While most Bengali castes ate meat and fish, this was barred for widows. Widows also did not use “heating” foods such as onions and garlic. But ginger was allowed, and this found a core place in Bengali curries, both vegetarian and non-vegetarian alike. Expensive spices such as saffron, cinnamon or cloves were used very sparingly, if at all. Nuts, dry fruits, milk and milk products were similarly scarce. In spite of all these restrictions, the food evolved in such a way that its deceptively simple preparations created the unending list of vegetarian options in Bengali cuisine. These dishes were cooked with elaborate precision and served with equal refinement. Multiple courses and an intricate formality about what goes with what and in which sequence, formed an enduring base for a rich and varied cuisine.

All that said, it is now time to take a look at what exactly is it like, to cook with leftovers. Well, given my limited knowledge; and not a very strong memory of all that I used to hate eating as a kid; this will be more of a peek, rather than a look. But the basic idea here, is to bring out the essence of it all. So here it is.

Paanch mishali torkari - Basically a mix of five kind of veggies. Which would usually be radish, spinach ends, climbing spinach, brinjal, potatoes, string beans, carrots, pointed gourd, broad beans, etc. These veggies would be cut in similar sizes, sautéed lightly in very little oil, spiced with some turmeric powder, bengali five spice (paanch phoron), green chillies, seasoned with some salt, and of course a dash of sugar. These would be added to the wok (korai) basis their varied cooking times, so they would be cooked to perfection; not overcooked neither under. 


Lau’er khosa chorchori - A simple yet scrumptious stir fry made with bottle gourd peel. What else goes into it - a tempering of nigella seeds, a dash of turmeric powder, and some seasoning, that’s all. Does amazingly well with some steaming hot fluffy rice. 


Tormuj’er khosa shukto - If one has visited Bong cuisine, one must definitely know shukto. For those who haven’t, it can be described as a bitter-sweet medley of vegetables. But this one, made with watermelon peel (the white remnants actually), is just unique.

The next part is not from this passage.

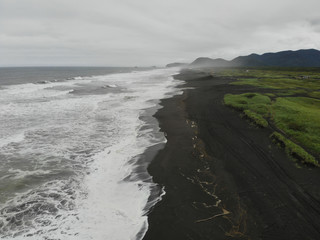 crAerial shot. Volcanic sand beach on the Pacific Ocean.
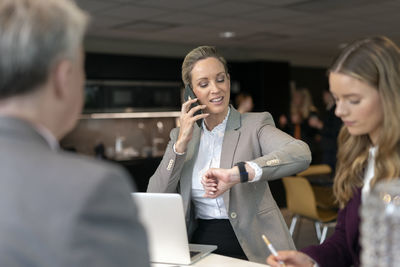 Businesswoman talking via cell phone in office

Yeah, that’s right, a fruit’s peel. Used to make a veg curry (read fantastic veg curry). So what happens in this one is, the white remnants of the watermelon are diced up into small cubes; mustard seeds and bay leaves get tempered in ghee; to which the white cubes are added and sautéed along with some turmeric powder, ginger paste, poppy paste, salt and a pinch of sugar; this is then cooked on a slow fire, and topped with a dollop of ghee, once it is done. Again goes well with steamed rice, almost like they were meant to be together. 

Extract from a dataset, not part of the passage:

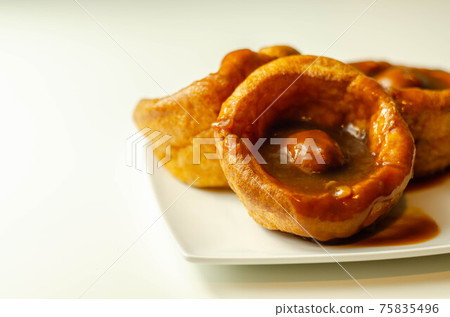 Traditional English Yorkshire pudding with meatballs and thick gravy sauce Traditional English Yorkshire pudding with meatballs and thick gravy sauce 75835496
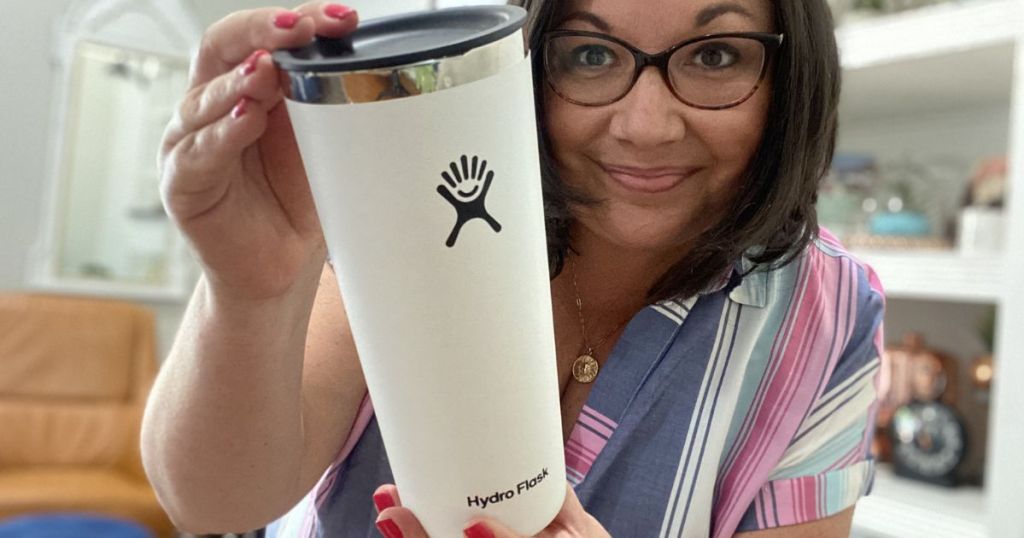 Woman holding a hydro flask tumbler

Potol’er khosa bata - This is a simple concoction where peel of pointed gourd (or Parwal) is ground along with green chillies and garlic pods, and is then sautéed in a nigella seed tempered oil along with some coriander powder. Makes a confounding combo with rice. 

Aloo’r khosa chapta - Now this one’s a killer. Take a bite, close your eyes for a moment, and….well that should be left for you to experience. All you would need is some potato peel, wheat flour, poppy seeds (for the crunch), turmeric powder, green chillies, and salt. Not for the faint hearted though, ‘coz this one is deep fried. And guys who are dieting, save it for your cheat meals. So all the ingredients ought to be mixed, and spread out like you would do for a pancake, and deep fry it till it turns that amazing shade of golden. Eat it along with rice, or just like that.

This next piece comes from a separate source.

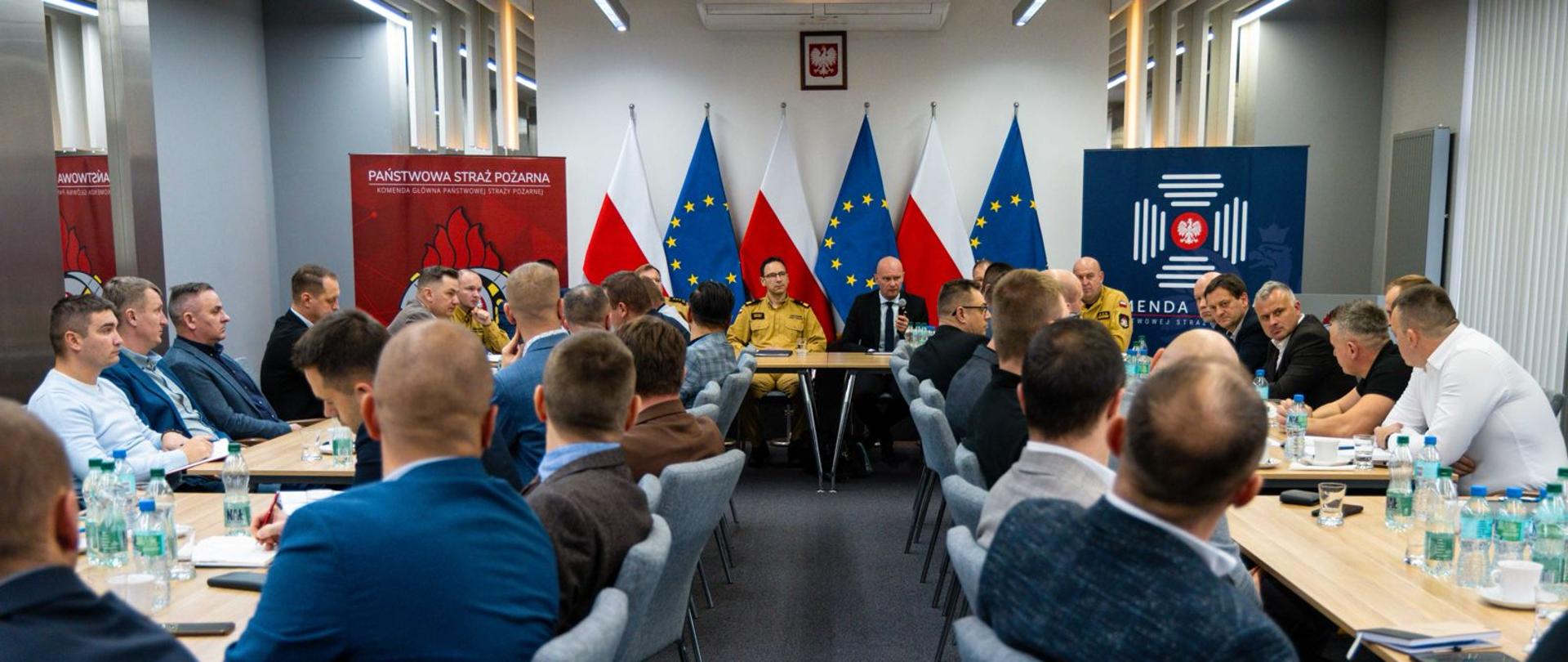 Widok ogólny sali konferencyjnej Komendy Głównej PSP podczas spotkania kierownictwa PSP ze związkami zawodowymi. Uczestnicy siedzą przy długim stole, w tle flagi Polski i Unii Europejskiej.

Dal shukno - What do you do with dal that has been lying in the fridge for two days. It is not exactly very little in quantity, has been heated and reheated for a couple of meals, but got no takers. Do you just chuck it out? No. You should rather just heat up some oil; add some tamarind to it, sauté it for a couple of minutes; add the dal to it and some seasoning if required; and let all the water evaporate  from the dal till it turns into a pasty dry consistency. And if you are up for it, just top it off with some mustard oil and chopped onions. It is just unfair, how awesome it tastes when eaten with rice.

Fried seeds - This is normally made with the seeds of ripe jackfruits, and even ripe pumpkins. The seeds are washed (peeled and chopped in case of jackfruit seeds), mixed up with some turmeric powder and salt, and fried till they are nice and crunchy. 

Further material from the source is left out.